Bill 23 will allow draining and building on wetlands. Sixty-eight per cent of the original wetland area in southern Ontario had been lost lost by the early 1980s, with an additional 4 per cent destroyed since (Ontario Biodiversity Council, 2010). In the Greater Toronto Area and the agricultural southwest, over 85 per cent of wetlands have already been lost. We must retain remaining wetlands for soil stabilization, flood mitigation, providing vital wildlife habitat,
improving water quality, and providing recreational opportunities. Thus, Bill 23 is bad policy.
Bill 23 enables sale of public conservation lands for development. Many of these properties were placed with the government as a sacred, public trust that must not be betrayed.

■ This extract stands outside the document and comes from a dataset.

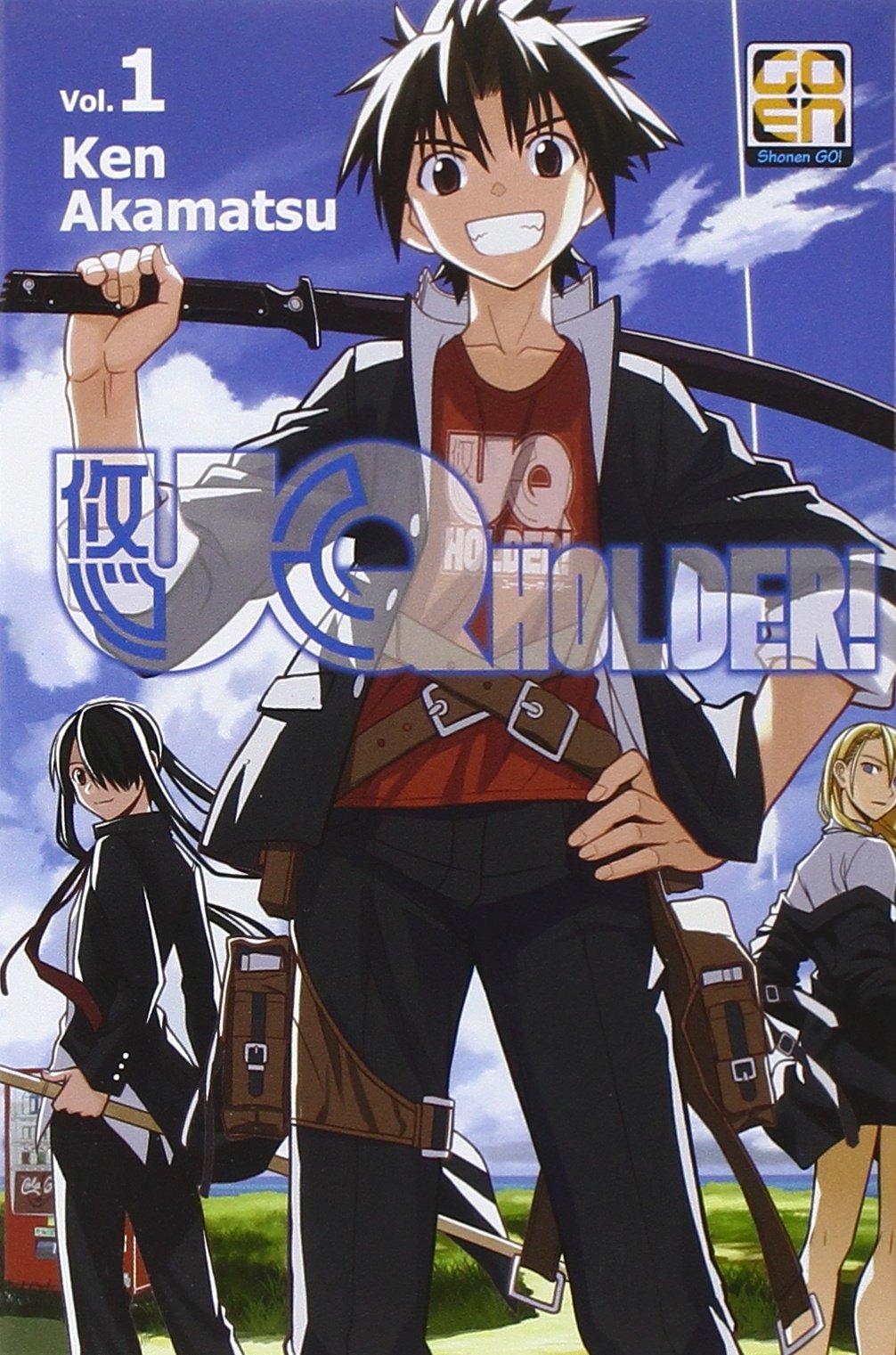 Goen NYU UQ Holder 1 manga shonen prima ristampa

Bill 23 will slash large holes in the greenbelt. Controlling sprawl is an essential strategy to lessen the cost of infrastructure, to minimise greenhouse gas emissions, to ensure a local food supply in an era of global uncertainty, and to maintain Ontarians’ quality of life. Much of the Greenbelt swaps proposed involve already protected land. Premier, you have made public commitments not to damage the Greenbelt, but this is a shell-game!
Bill 23 curtails our right as citizens to appeal land use change decisions. Under the Bill, the rights of special interest groups such as developers and land speculators are not encumbered in this
way Thus, the Bill is as fundamentally undemocratic as, say, misusing the “Notwithstanding
Bill 23 weakens green building standards in an era of global warming, when ameliorative actions (like constructing green buildings) are desperately needed.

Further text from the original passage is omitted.